++++ Records for this task ++++

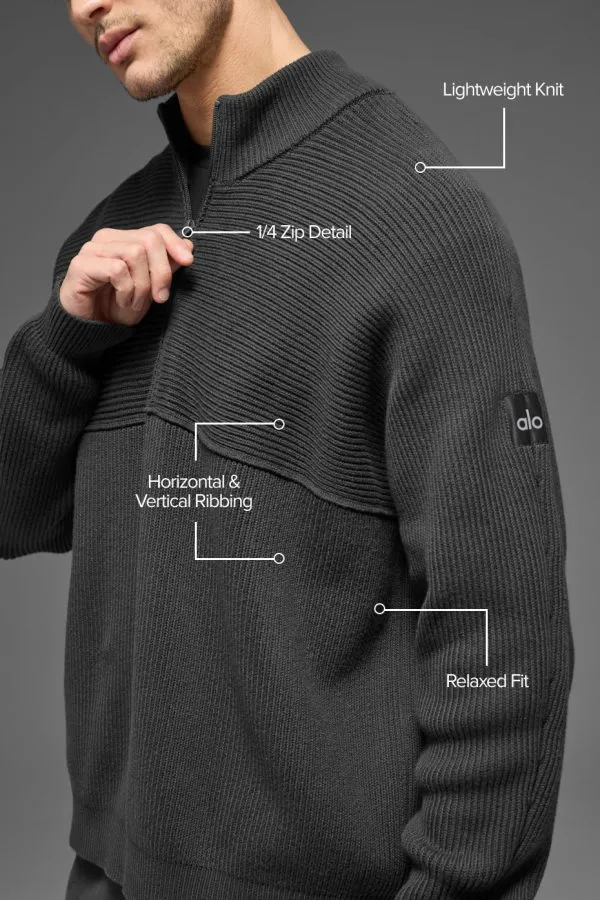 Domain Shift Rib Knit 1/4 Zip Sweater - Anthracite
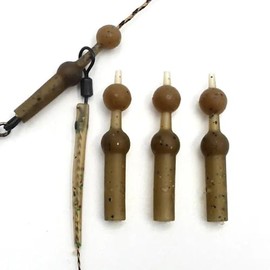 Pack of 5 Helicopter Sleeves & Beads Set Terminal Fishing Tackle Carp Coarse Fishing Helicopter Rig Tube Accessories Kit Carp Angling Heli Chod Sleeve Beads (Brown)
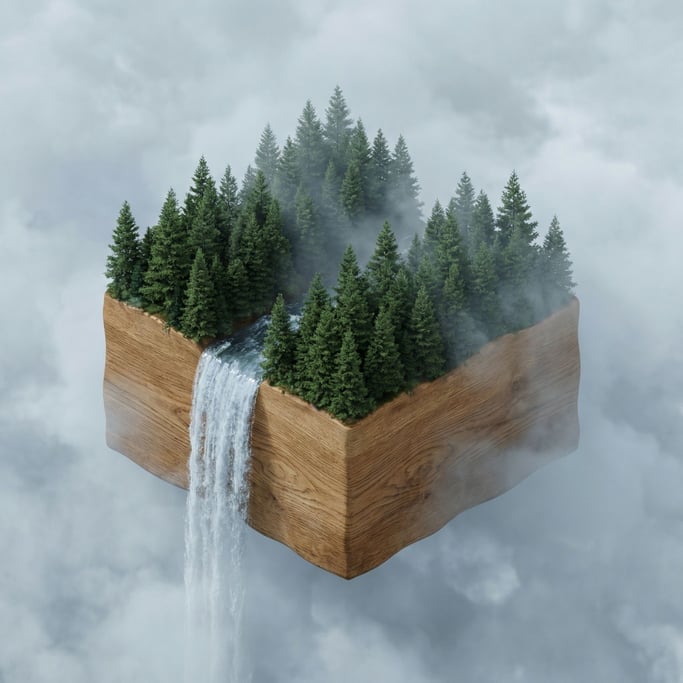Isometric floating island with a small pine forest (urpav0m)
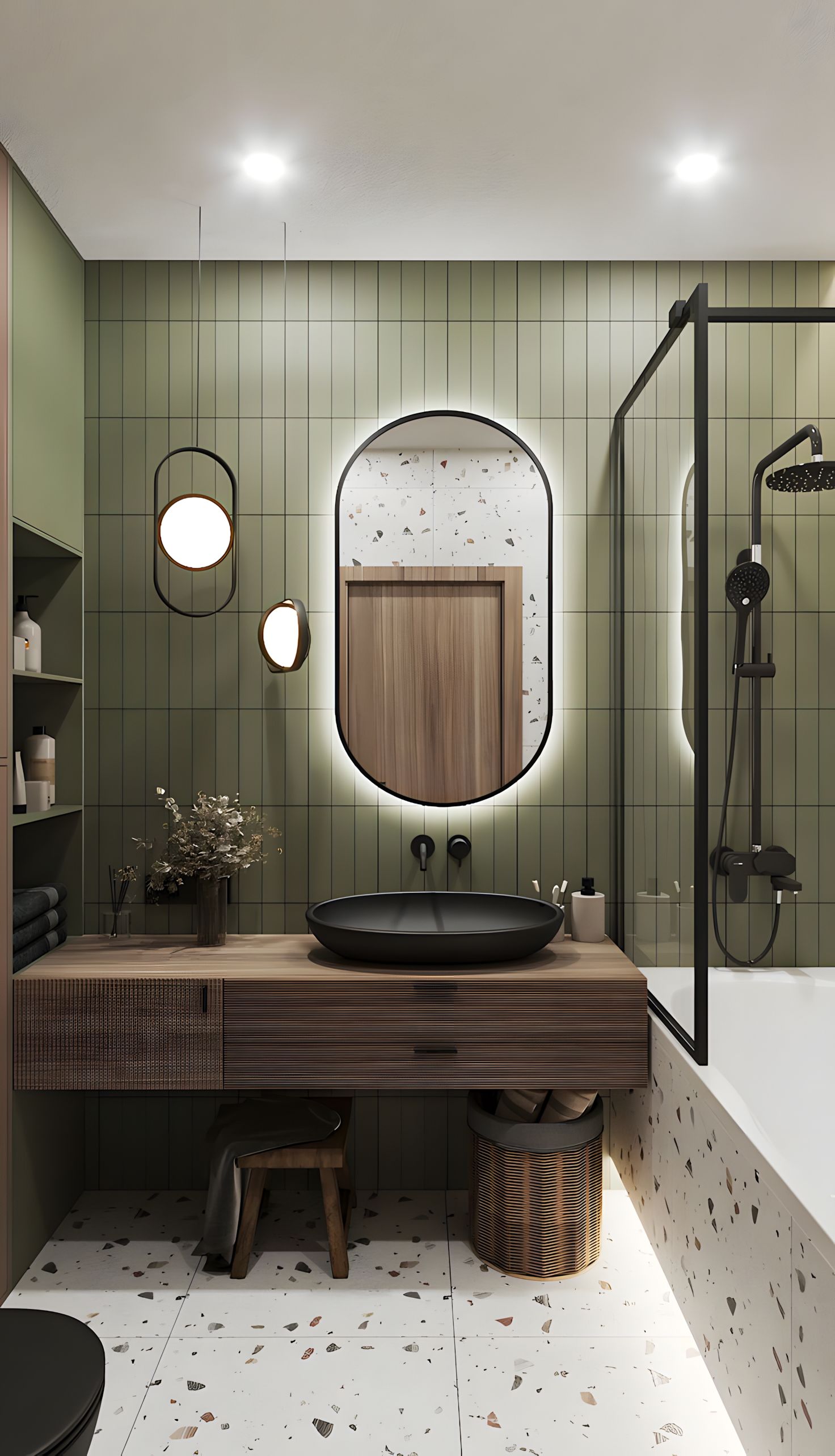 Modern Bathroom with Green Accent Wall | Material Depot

++++
++++ Records for this task ++++

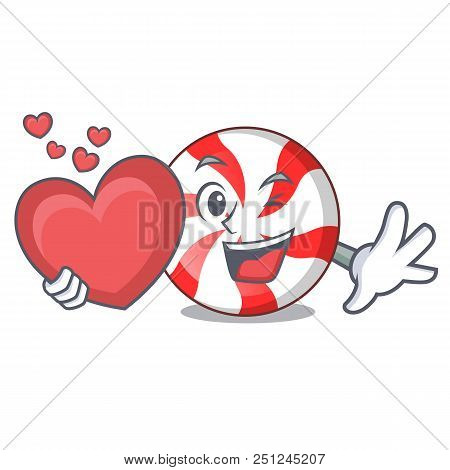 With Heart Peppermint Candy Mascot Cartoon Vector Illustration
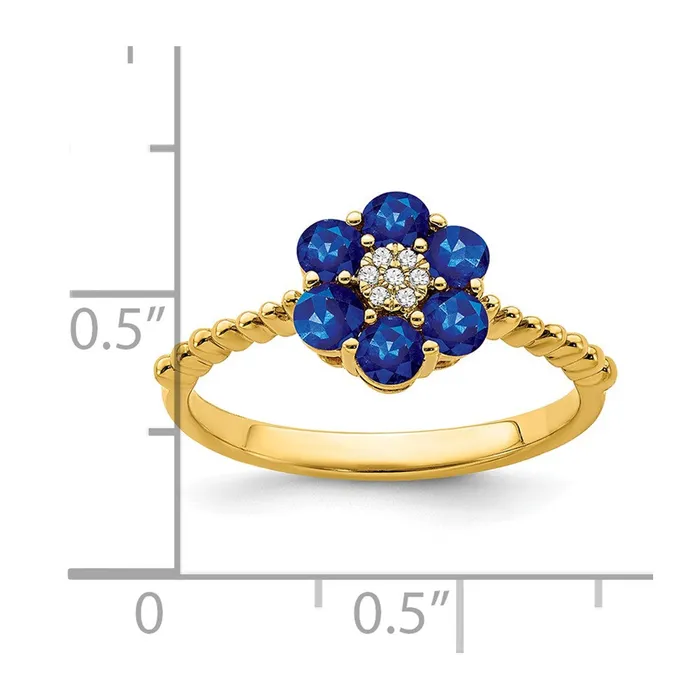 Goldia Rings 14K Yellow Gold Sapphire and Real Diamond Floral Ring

++++
++++ Records for this task ++++

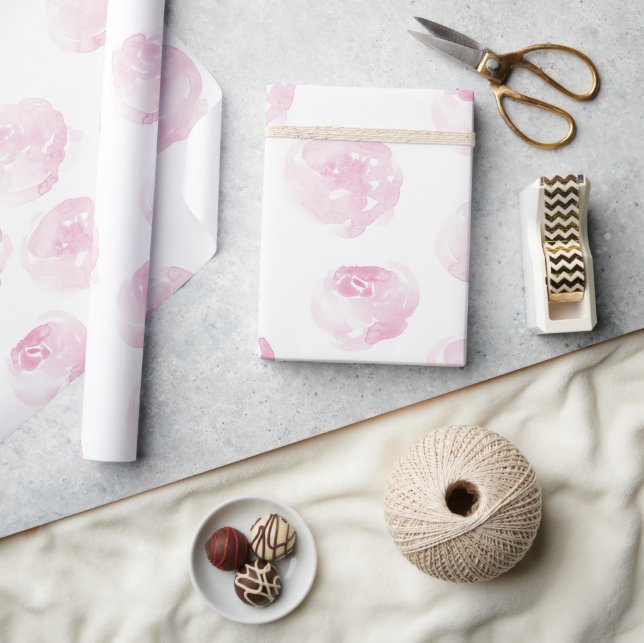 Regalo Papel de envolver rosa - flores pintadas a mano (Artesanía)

++++

■ Task instructions
Retype only the lines above from the one with "Domain Shift Rib" through the one with "Modern Bathroom with", exactly and with both ends. Images stay out.

■ Answer to this exercise
 Domain Shift Rib Knit 1/4 Zip Sweater - Anthracite
 Pack of 5 Helicopter Sleeves & Beads Set Terminal Fishing Tackle Carp Coarse Fishing Helicopter Rig Tube Accessories Kit Carp Angling Heli Chod Sleeve Beads (Brown)
Isometric floating island with a small pine forest (urpav0m)
 Modern Bathroom with Green Accent Wall | Material Depot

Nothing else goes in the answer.